Residential Sector: Prices & Forecasts

  • Current Prices: As of July 2025 Brisbane’s median house price is about $1.01M and units $718K propertyupdate.com.au. Brisbane homes have outperformed most other capitals, climbing over 50% since early 2020 propertyupdate.com.au. Inner-city lifestyle suburbs (Teneriffe, New Farm, etc.) command multi-million-dollar values, while outer corridors remain more affordable.
  • Price Trends: House price growth has moderated but remains positive. Annual gains are running in the mid-single digits; e.g. ~6.3% y/y for houses in mid-2025 propertyupdate.com.au. Units (apartments) saw very strong growth (~12% in FY2024-25) propertyupdate.com.au as buyers shifted into city apartments, but that is expected to ease to ~5% p.a. going forward propertyupdate.com.au.
  • Forecasts: Major forecasters (Domain, ANZ, BIS Oxford, etc.) expect steady growth over the next few years. Domain’s latest Outlook sees Brisbane house prices +5% in FY25 and +5% in FY26 propertyupdate.com.au, while unit prices rise about +5% in FY26 propertyupdate.com.au. Over the medium term (2025–27), infrastructure build-out and ~1.8% p.a. population growth in SE Queensland support this steady trend. Long-term, the 2032 Olympics and continued migration (16% pop growth by 2032 propertyupdate.com.au) are seen as structural tailwinds propertyupdate.com.au abc.net.au.
  • Market Notes: Brisbane remains more affordable than Sydney/Melbourne (e.g. Syd median house ~$1.7M propertyupdate.com.au), attracting buyers. Home-buyer incentives (see below) and a split market (detached houses up, high-rise units lagging) also influence dynamics. Affluent suburbs (Teneriffe, New Farm, Paddington) continue to lead price levels propertyupdate.com.au propertyupdate.com.au, while fringe growth corridors (Ipswich, Logan, emerging North Coast links) are cheaper entry points.
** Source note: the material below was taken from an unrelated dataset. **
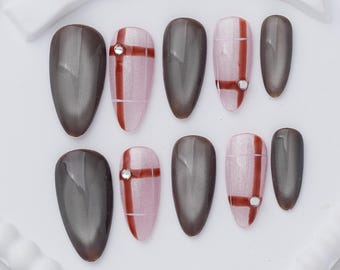 Gray Cat Eye Press On Nails, Pink Plaid Nails Minimalist Handmade Nail Set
Rental Market Dynamics & Yields

  • Vacancy: Brisbane tenants face a rental crunch. Vacancy rates are at historic lows – around 0.8% in Jan 2025 sqmresearch.com.au (second-lowest on record). In many inner/inner-middle suburbs, vacancies are effectively under 1%. (SQM notes only ~2,877 rental listings citywide in Jan 2025, reflecting intense demand sqmresearch.com.au.)
  • Rents: Rents have climbed sharply. In the year to mid-2025, Brisbane house rents were up ~9–10% and units even more silverhall.com.au. The combined median rent is roughly $671 per week sqmresearch.com.au (up ~0.6% even in June 2025). Strong demand (especially from younger families and migrants) and tight supply are driving rents. Landlords are seeing rental yields around 4.5–5.2% for houses propertyupdate.com.au (units yield slightly lower, typically 3–4%), which remain attractive relative to other cities.
  • Outlook: Rents are still rising. SQM projects another 0.5–1% jump in coming months, with annual rent growth of ~4–8% likely in 2025 sqmresearch.com.au propertyupdate.com.au. However, affordability concerns are mounting; industry voices warn that as Olympic precincts (inner-city areas with many renters) redevelop, tenants may face even greater pressure abc.net.au. Overall, yields remain healthy and vacancies ultra-low, a boon for investors but a strain on renters.

Commercial Sector Overview

  • Office: The Brisbane CBD office market is mixed. Vacancy has risen (to ~10.2% by Q1 2025 cbre.com.au) after years of tightness. A surge of new high-rise office supply (≈90,000 sqm delivering by late 2025 content.knightfrank.com cbre.com.au) will push vacancy higher (Knight Frank forecasts ~12% by 2026). Rents are still rising: prime CBD rents grew about 7.1% y/y cbre.com.au in Q1 2025. Yields on premium office assets remain around 7.0–7.3% cbre.com.au content.knightfrank.com. Big asset transactions continue (e.g. ~$181M traded in CBD Q1’25 cbre.com.au), but net absorption is negative, reflecting slower leasing. In summary, office rents up moderately, vacancy rising to mid-teens, yields steady.
  • Industrial/Logistics: Brisbane’s big industrial market is still strong. Vacancy is low (~4.2% in Q2 2025 assets.cushmanwakefield.com, up 0.6% in 6 months) despite record construction. In fact, after a 2024 peak of ~2.6 million sqm of new warehouses, supply will sharply slow (only ~520,000 sqm due in 2025 assets.cushmanwakefield.com). As a result, leasing demand remains brisk (Q2’25 take-up ~180k sqm assets.cushmanwakefield.com) and rents continue to climb (8.3% y/y by mid-2025 assets.cushmanwakefield.com; ~1.3% qtr in Q2 assets.cushmanwakefield.com). Prime industrial yields (land & buildings) are roughly 5.9% assets.cushmanwakefield.com – notably higher than Sydney, reflecting the strong occupier market.
  • Retail & Other Commercial: Inner-city retail (malls, shops) is under pressure from online shopping and changes in consumer habits, though suburbs benefit from population growth. Large suburban centres (e.g. Westfield Chermside, Carindale) see steady footfall. Accommodation/hospitality assets near tourist or transit hubs remain of interest. (Detailed retail figures are mixed; overall the commercial sector is being driven by office/industrial trends and infrastructure exposure.)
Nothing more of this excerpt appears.